Ce qui est totalement en opposition avec votre approche qui ne vise que la diminution des moyens et des coûts sans vous préoccupez des dégâts humains et des besoins qui sont énormes.
Un seul chiffre dans ce domaine : 20000 enfants vivent en Côte d’Or en dessous du seuil de pauvreté. Ce chiffre m’a atterré. Indigné aussi. Comment peut-on accepter une telle situation ? Cela devrait entrainer une révolte, au bon sens du terme et des décisions pour lutter contre cette situation inacceptable et intolérable. Et il faudra tout faire pour y mettre fin. Quel avenir notre société propose t elle donc à ces enfants ? Sur ces 20000, près de 6000 ont moins de 5 ans aujourd’hui. Ont-ils fait le choix de naitre dans une famille pauvre ? Est-ce de leur faute, comme vous le dites pour les chômeurs ? Combien vont-ils s’en sortir ?
C’est notre responsabilité d’élus. C’est notre devoir. C’est une obligation morale.
La priorité de nos interventions devrait être déjà en direction de ces enfants, pour nos travailleurs sociaux (au lieu de leur imposer des tâches bureaucratiques), par l’accompagnement des familles, par la prévention si on veut leur préparer un avenir.

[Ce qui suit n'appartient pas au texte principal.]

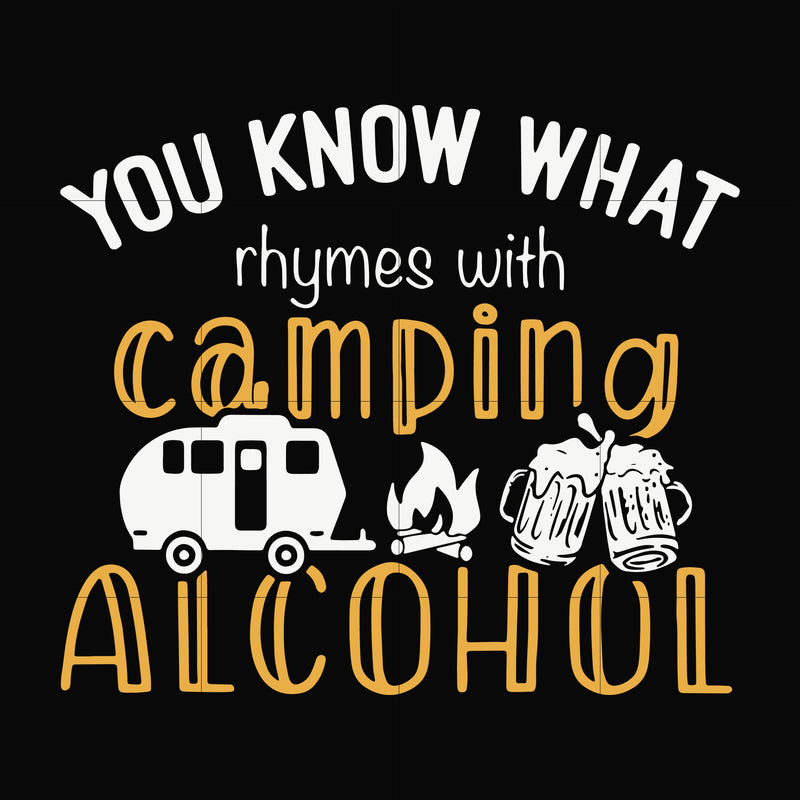 you know what ryhmes with camping alcohol, camping svg svg, png, dxf, eps digital file CMP072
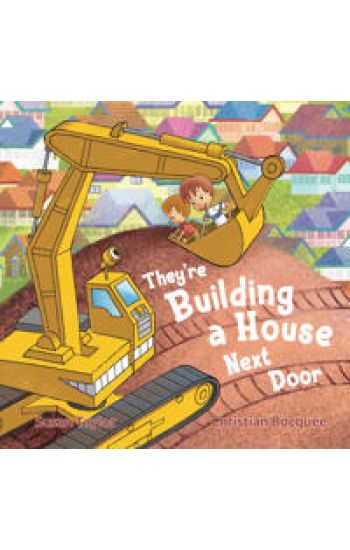 They're Building a House Next Door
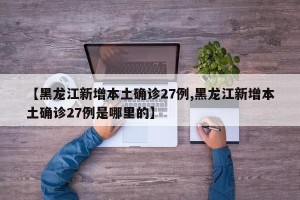 【黑龙江新增本土确诊27例,黑龙江新增本土确诊27例是哪里的】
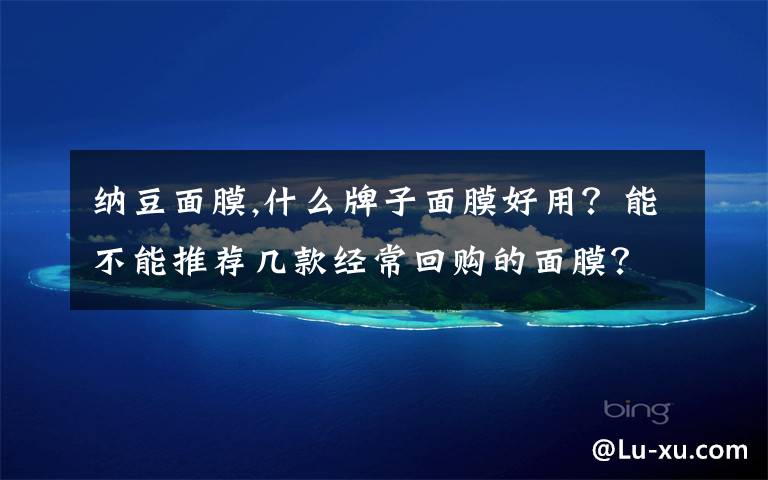 纳豆面膜,什么牌子面膜好用？能不能推荐几款经常回购的面膜？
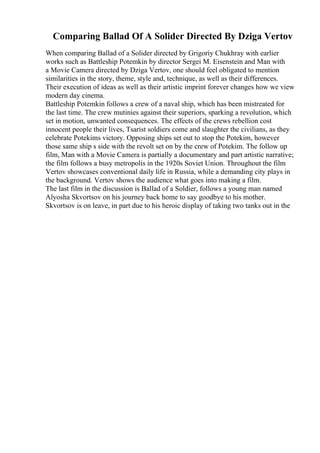 Comparing Ballad Of A Solider Directed By Dziga Vertov
When comparing Ballad of a Solider directed by Grigoriy Chukhray with earlier
works such as Battleship Potemkin by director Sergei M. Eisenstein and Man with
a Movie Camera directed by Dziga Vertov, one should feel obligated to mention
similarities in the story, theme, style and, technique, as well as their differences.
Their execution of ideas as well as their artistic imprint forever changes how we view
modern day cinema.
Battleship Potemkin follows a crew of a naval ship, which has been mistreated for
the last time. The crew mutinies against their superiors, sparking a revolution, which
set in motion, unwanted consequences. The effects of the crews rebellion cost
innocent people their lives, Tsarist soldiers come and slaughter the civilians, as they
celebrate Potekims victory. Opposing ships set out to stop the Potekim, however
those same ship s side with the revolt set on by the crew of Potekim. The follow up
film, Man with a Movie Camera is partially a documentary and part artistic narrative;
the film follows a busy metropolis in the 1920s Soviet Union. Throughout the film
Vertov showcases conventional daily life in Russia, while a demanding city plays in
the background. Vertov shows the audience what goes into making a film.
The last film in the discussion is Ballad of a Soldier, follows a young man named
Alyosha Skvortsov on his journey back home to say goodbye to his mother.
Skvortsov is on leave, in part due to his heroic display of taking two tanks out in the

Sinon, nous risquons de les retrouver un peu plus tard dans les foyers d’urgence, où vous nous prévoyez moins de places.
Ce schéma, plein de bonnes intentions, dresse un simple catalogue sans les moyens humains et financiers. Ce qu’il y manque, c’est une volonté politique, de vrais choix politiques.
Pour toutes ces raisons, nous voterons contre ce schéma aujourd’hui.